This is not the time to be shy about your accomplishments! Be ready to talk about what you have achieved in the past and what you bring in the future during your wage negotiation.
It’s important to make sure you highlight occasions where you have gone beyond your responsibilities and the additional impact you had on the team, and – more importantly – ideas that you are ready to run going forward, for instance, a new project proposal you are ready to lead on or a current project you would love to support and help reduce your manager’s workload.
When starting a salary negotiation with your recruiter or manager, be prepared to showcase your professional achievements. This can perhaps be done with a slides presentation that summarizes your accomplishments, qualifications or awards.
Testimonials from clients and colleagues are also an impactful way to demonstrate your value to your recruiter or manager during your wage negotiation.
Below are some email samples that may help you start your wage negotiation.
Thank you for sending over the contract renewal for the Assistant Manager position, I am extremely delighted to receive this news.
Before I accept the offer, I would like to address the proposed compensation. As discussed with my line manager, I have more than five years of experience in fashion marketing and have worked in leadership positions for the past two years. I also helped increase the number of marketing-influenced leads by nearly 5% year-on-year and secured a 25% higher annual revenue for the company.
Given my experience and expertise, I am seeking an annual salary in the range of $150,000 to $170,000, which is slightly higher than your offer of $140,000.
I believe I am able to bring a substantial value to Branda & Co. and help you exceed your revenue expectations this year. Please kindly let me know when we can discuss this matter further.
I look forward to hearing from you soon!
Thank you for arranging my interview with James last week and sending over the job offer for the Senior Manager position, I am extremely delighted to receive this news.
Before I accept the offer, I would like to address the proposed compensation. As I shared during the interview process, I have more than eleven years of experience in fashion marketing and have worked in leadership positions for the past five years. In my previous role, I helped my team exceed the monthly quota by 25% for five years in a row and landed six of the largest accounts in company history.

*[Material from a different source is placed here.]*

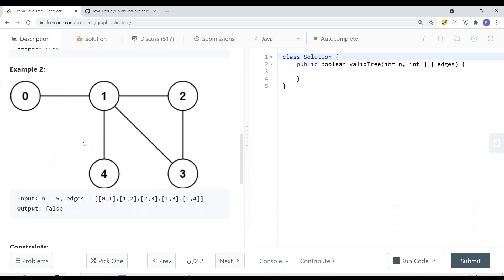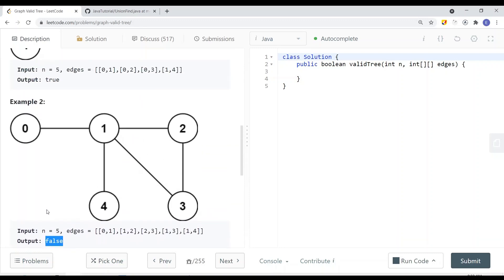In the second example, each node appears to have one parent, but node 3 actually has more than one parent — so we return false. Node 0 is connected to node 1, node 1 has node 2, node 4 is fine. But when node 1 is also connected to node 3, node 3 already has a parent of node 2. So node 3 has two parents, which is invalid, and we return false.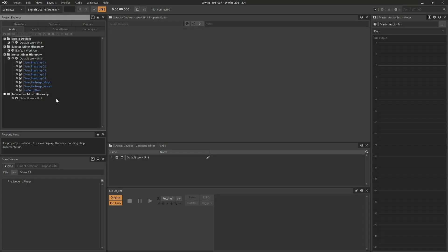Randomization is an important part of video game sound design as it provides sonic variety without heavily burdening the game system.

Considering my background and past successes, I am seeking an annual salary in the range of $200,000 to $230,000, which is slightly higher than your offer of $190,000. I am more than open to discussing alternative compensation, such as opportunities for additional stock options or increased performance-based bonuses.
I’d love to hear your thoughts and please kindly let me know if we can discuss this matter further.
🔑 Key Takeaways:
When negotiating your salary, make sure to understand what you can offer to employers and how your skills and experience meet their business requirements.
As the pros of starting a wage negotiation seem to outweigh the cons, be sure to do so before you accept a new job offer from a potential employer or re-sign a job contract with your current employer. After all, the worst thing they can say is no!